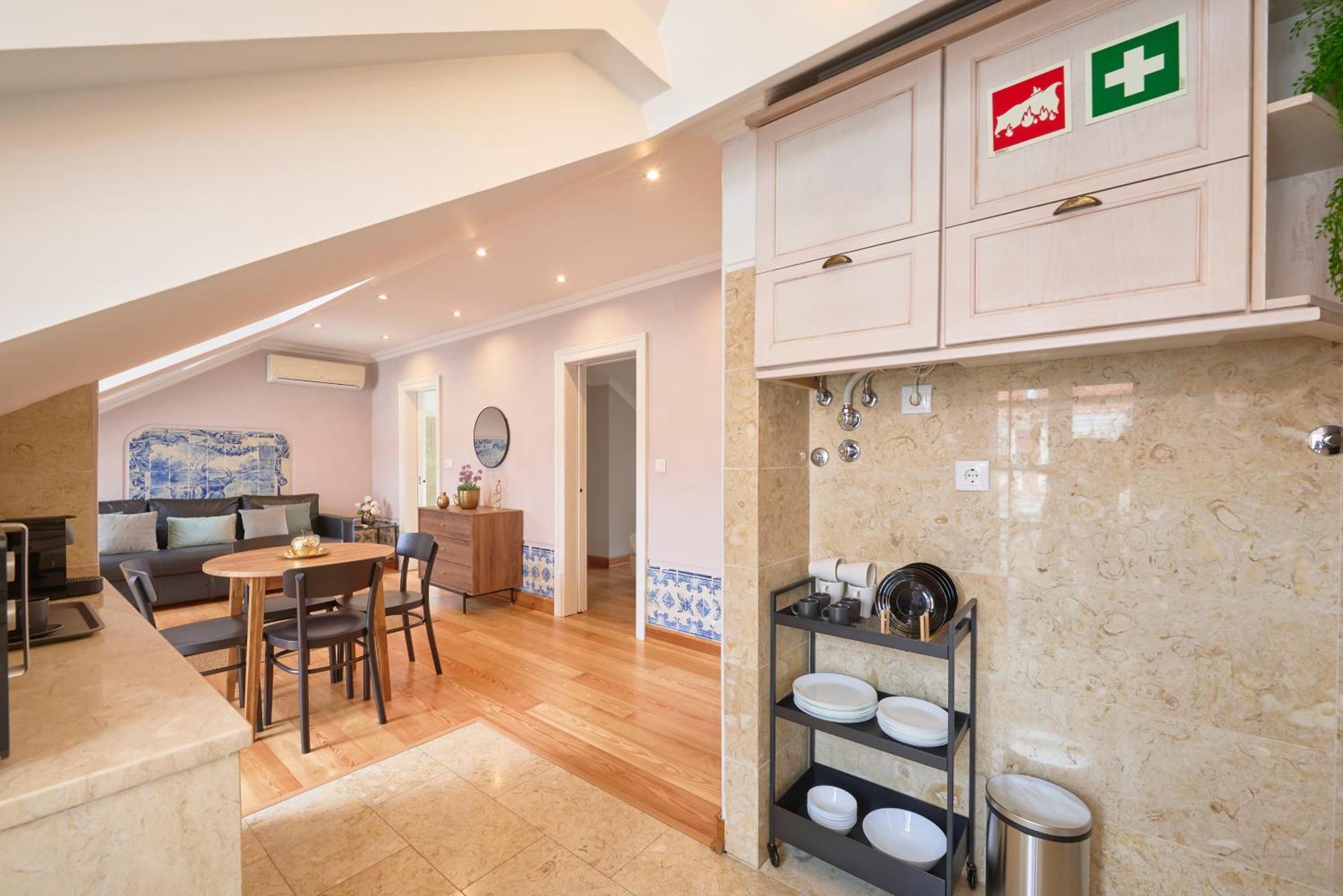 Casa Portuguesa Prata Apartment Lisboa Екстериор снимка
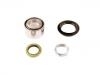 Kit, roulement de roue Wheel Bearing Rep. kit:VKBA 3332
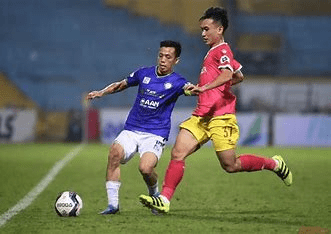 Dự đoán kết quả vòng 20 V League: Cuộc đối đầu giữa TP Hồ Chí Minh và Hà Tĩnh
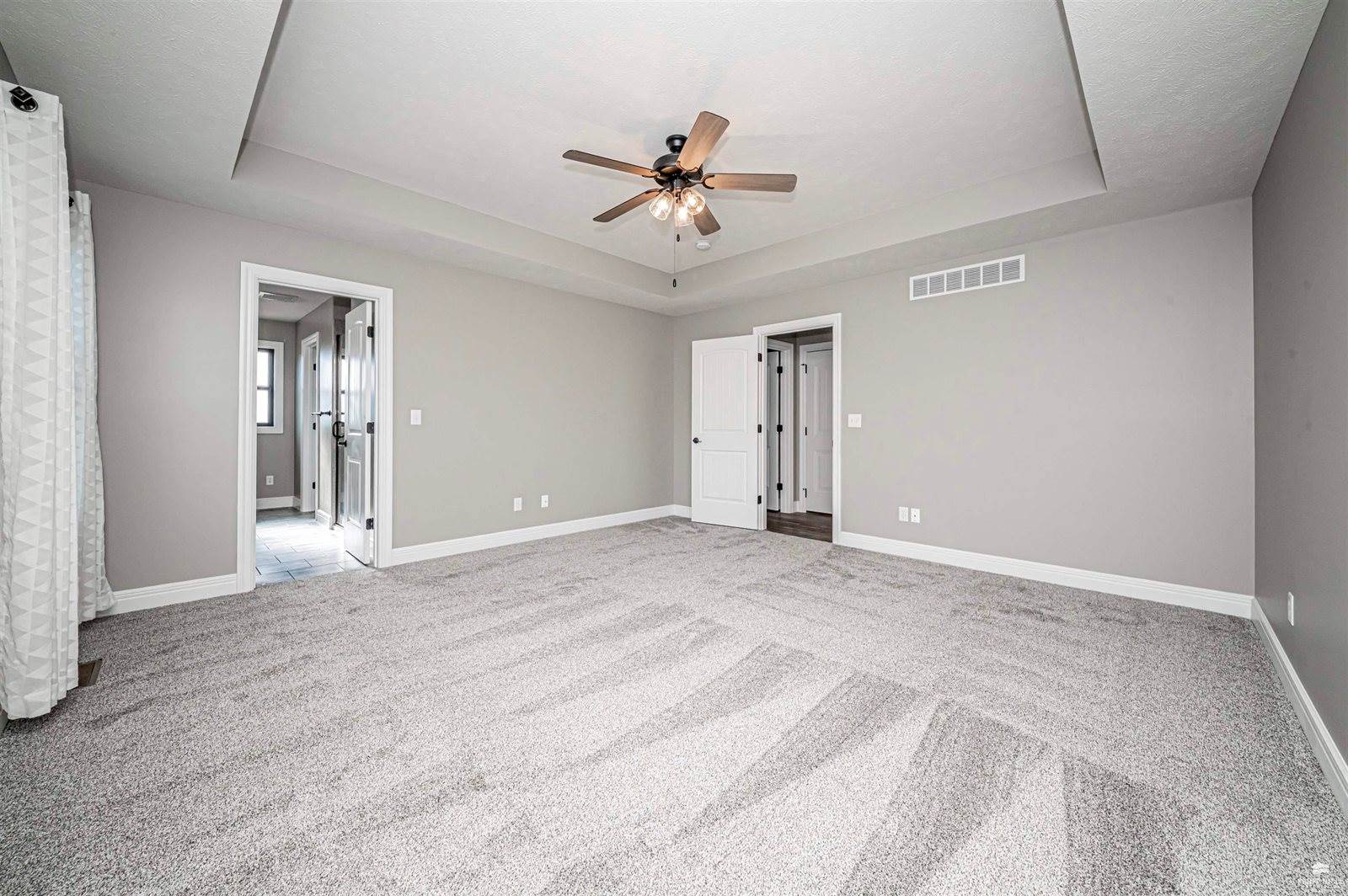 1007 Chisholm Trail, Junction City, KS 66441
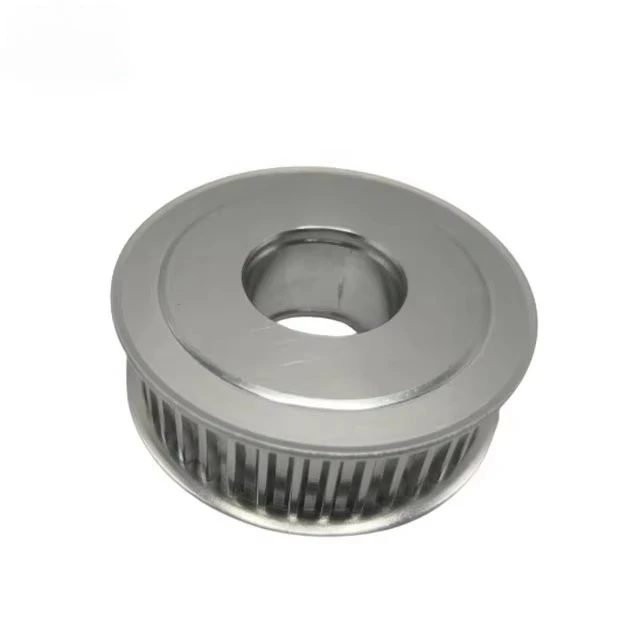 

PN 100149 Tooth Belt Wheel Spare Parts For Auto Cutting Machine PROCUT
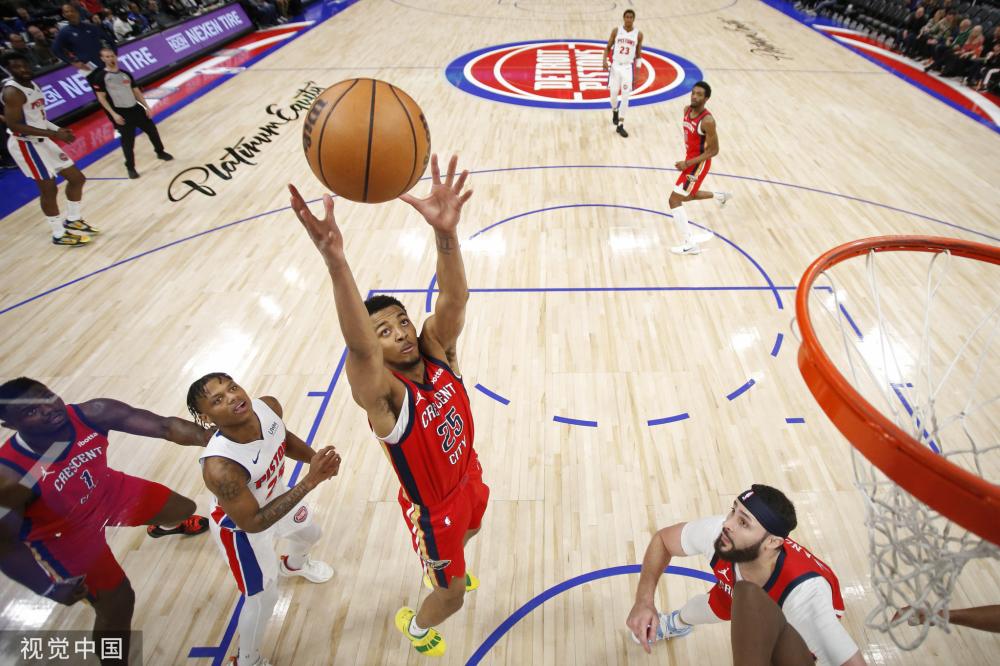 这背后凝结 这背后凝结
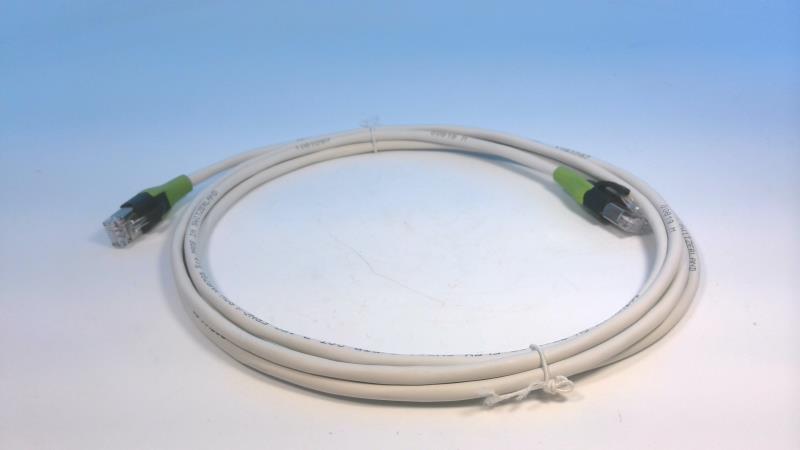 MURR ELEKTRONIK 7000-74701-7770250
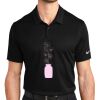 Dry Essential Solid Polo Thumbnail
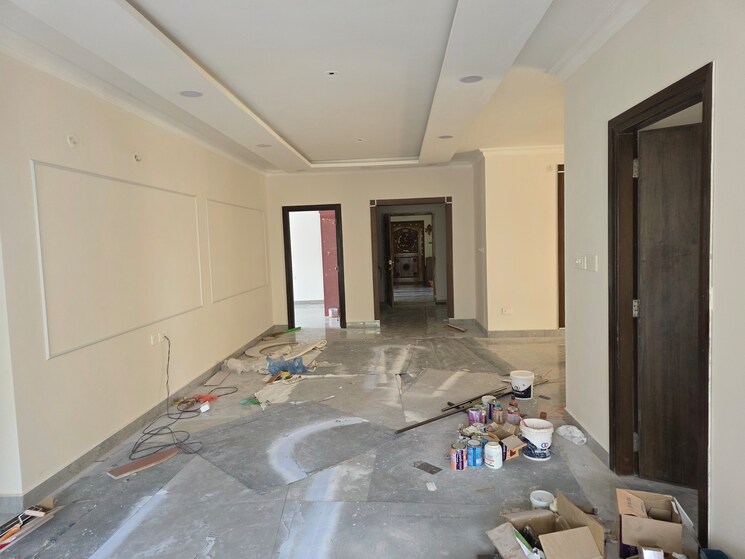 Room, jain-heights-east-parade 4 Bedroom 2774 Sq.Ft. Apartment In Cv Raman Nagar Bangalore 9030791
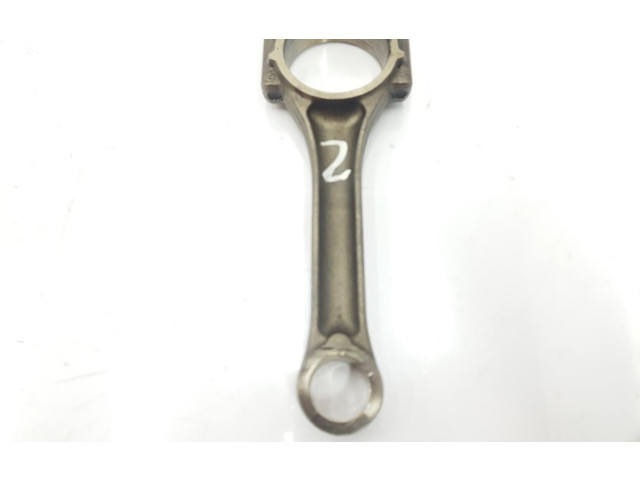 Ojnice  038105401D, 038105401D    Volkswagen Caddy  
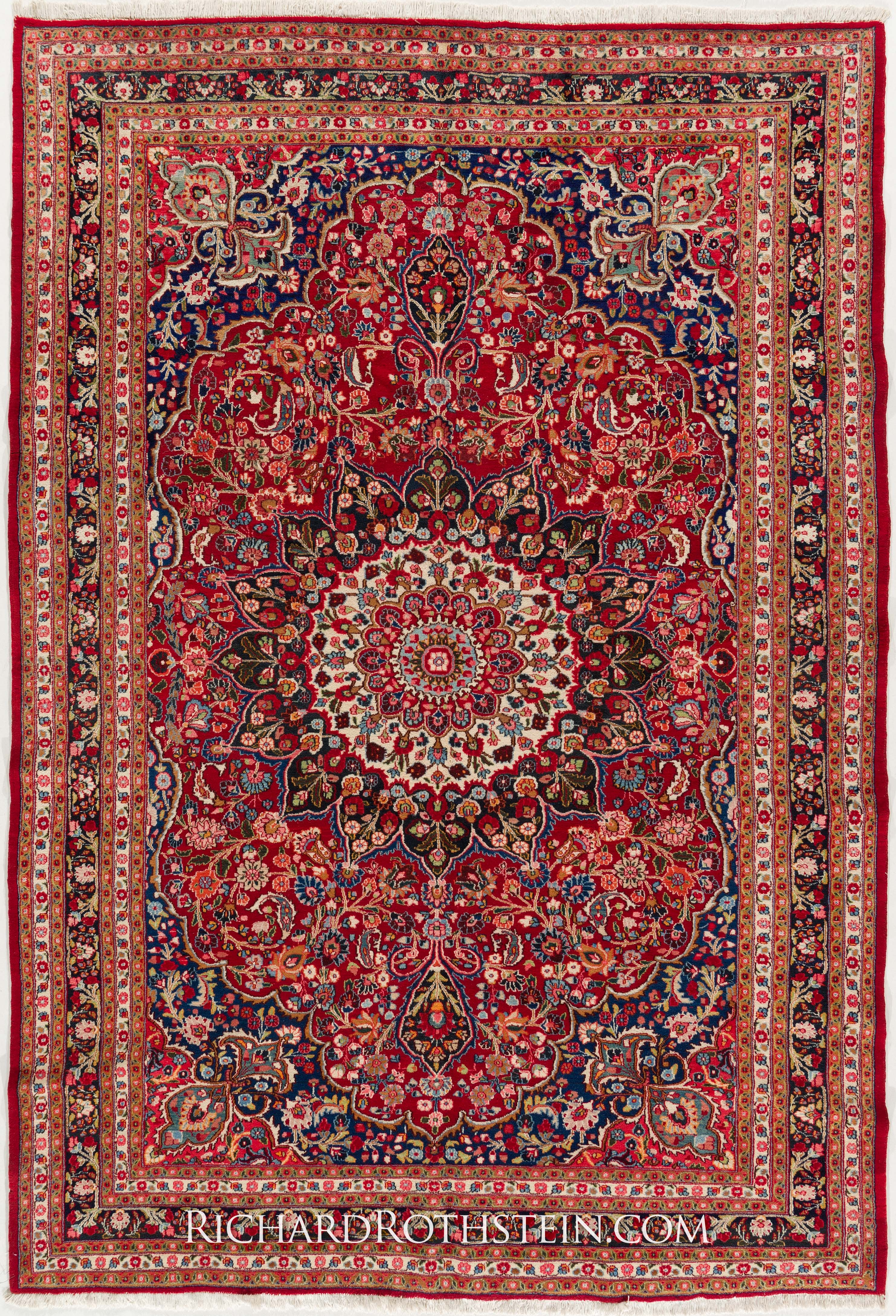 Oriental rugs buy a precious possession of your home to be the envy of others - Persian rug YIQJZCS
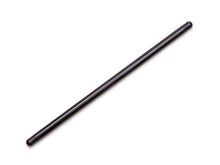 Load image into Gallery viewer, TREND PERFORMANCE PRODUCTS T8151055 - Pushrod - 5/16 .105 w/ .210 Radius 8.150 Long image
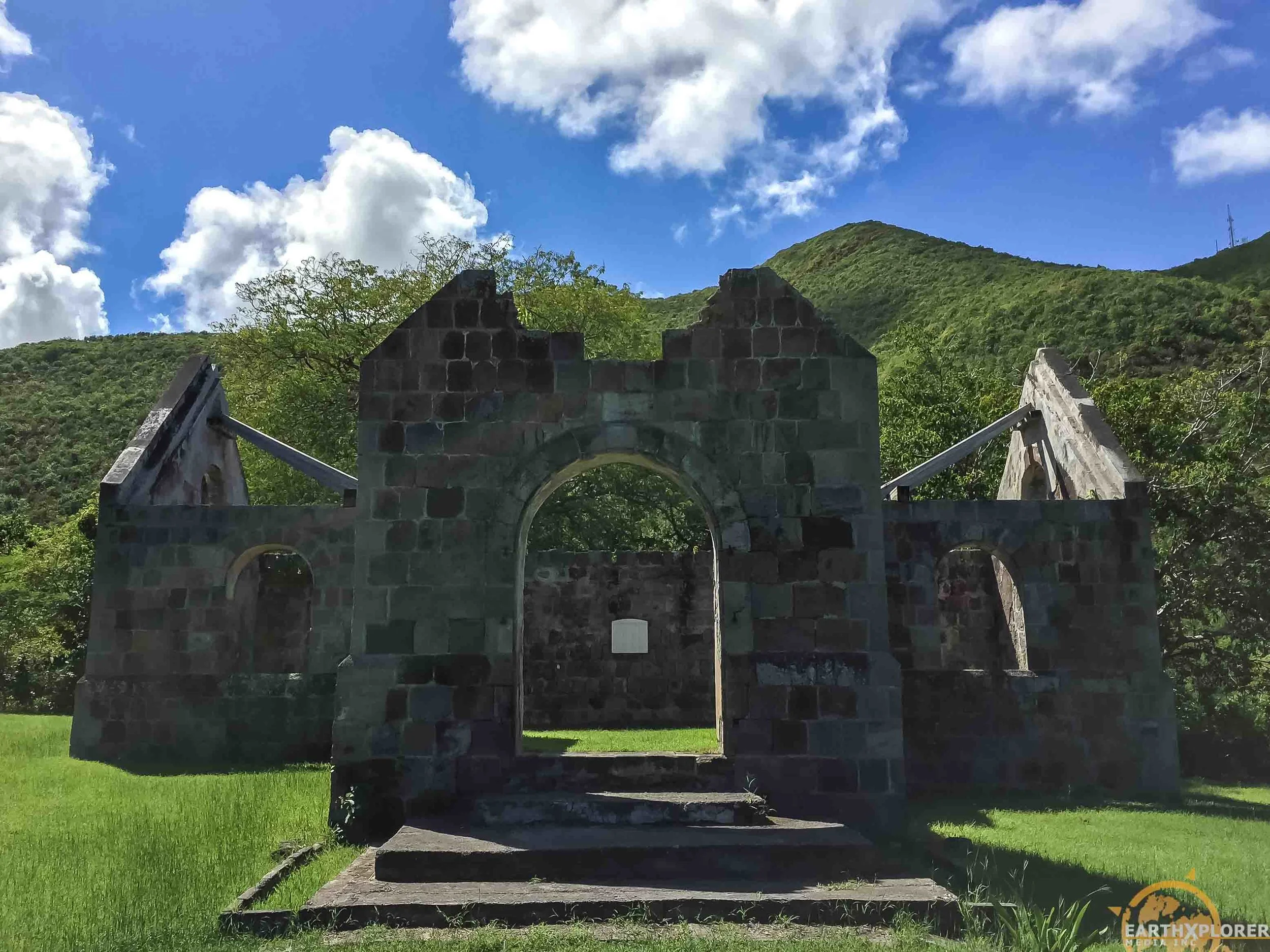 Nevis Cottle Church earthXplorer-5.jpg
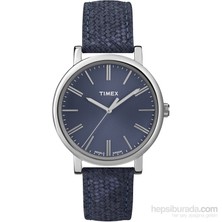 Timex T2p171 Unisex Kol Saati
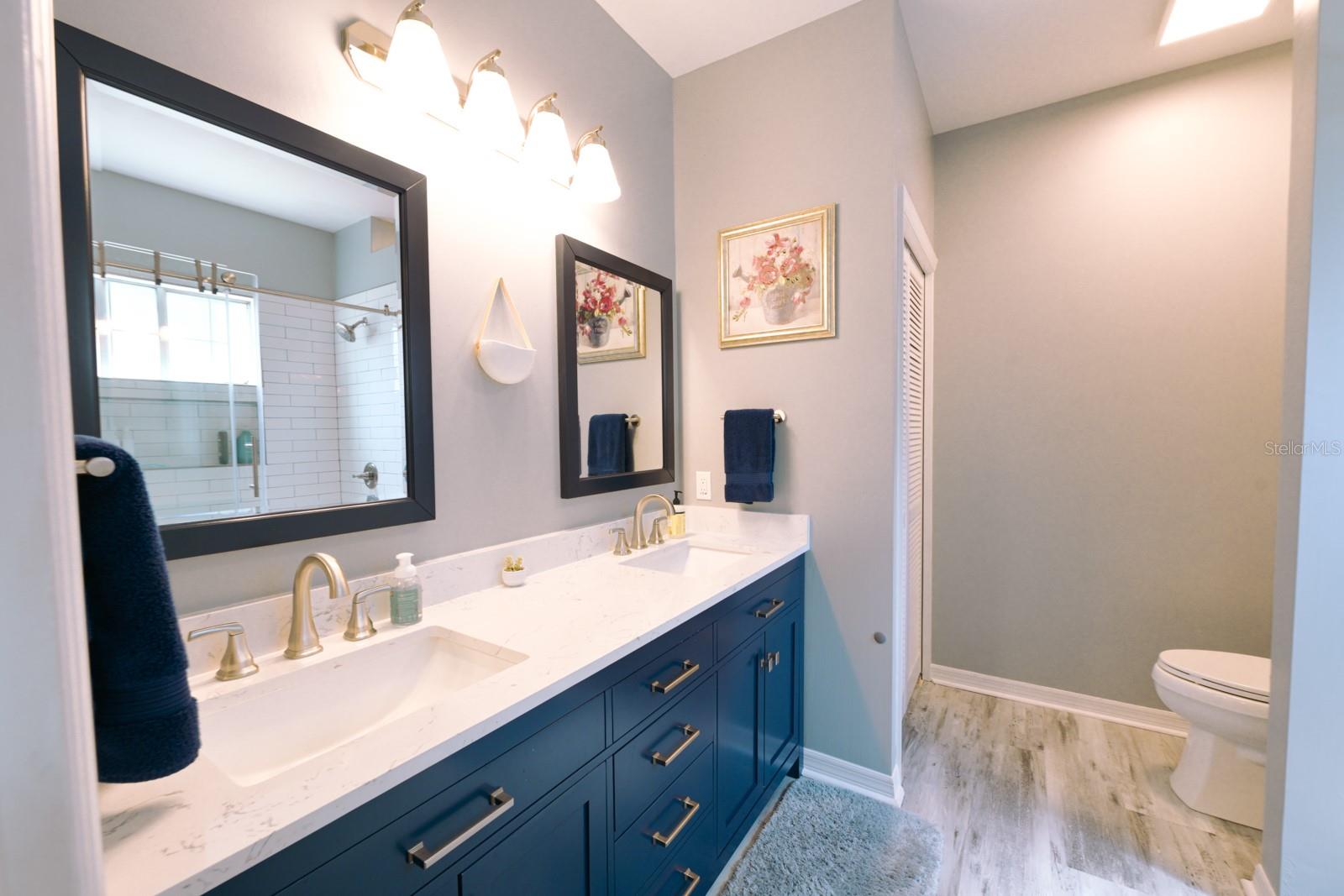 Image 23 of 29 For 3735 64th Place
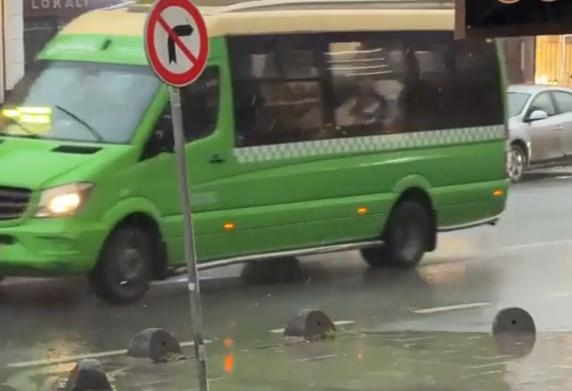 Kocaeli'nde 65 yaşındaki kadının acı sonu!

* Work order
Images are to be excluded, and each record above written out word for word.

* Answer
 Casa Portuguesa Prata Apartment Lisboa Екстериор снимка
 Kit, roulement de roue Wheel Bearing Rep. kit:VKBA 3332
 Dự đoán kết quả vòng 20 V League: Cuộc đối đầu giữa TP Hồ Chí Minh và Hà Tĩnh
 1007 Chisholm Trail, Junction City, KS 66441

PN 100149 Tooth Belt Wheel Spare Parts For Auto Cutting Machine PROCUT
 这背后凝结 这背后凝结
 MURR ELEKTRONIK 7000-74701-7770250
 Dry Essential Solid Polo Thumbnail
 Room, jain-heights-east-parade 4 Bedroom 2774 Sq.Ft. Apartment In Cv Raman Nagar Bangalore 9030791
 Ojnice  038105401D, 038105401D    Volkswagen Caddy  
 Oriental rugs buy a precious possession of your home to be the envy of others - Persian rug YIQJZCS
 Load image into Gallery viewer, TREND PERFORMANCE PRODUCTS T8151055 - Pushrod - 5/16 .105 w/ .210 Radius 8.150 Long image
 Nevis Cottle Church earthXplorer-5.jpg
 Timex T2p171 Unisex Kol Saati
 Image 23 of 29 For 3735 64th Place
 Kocaeli'nde 65 yaşındaki kadının acı sonu!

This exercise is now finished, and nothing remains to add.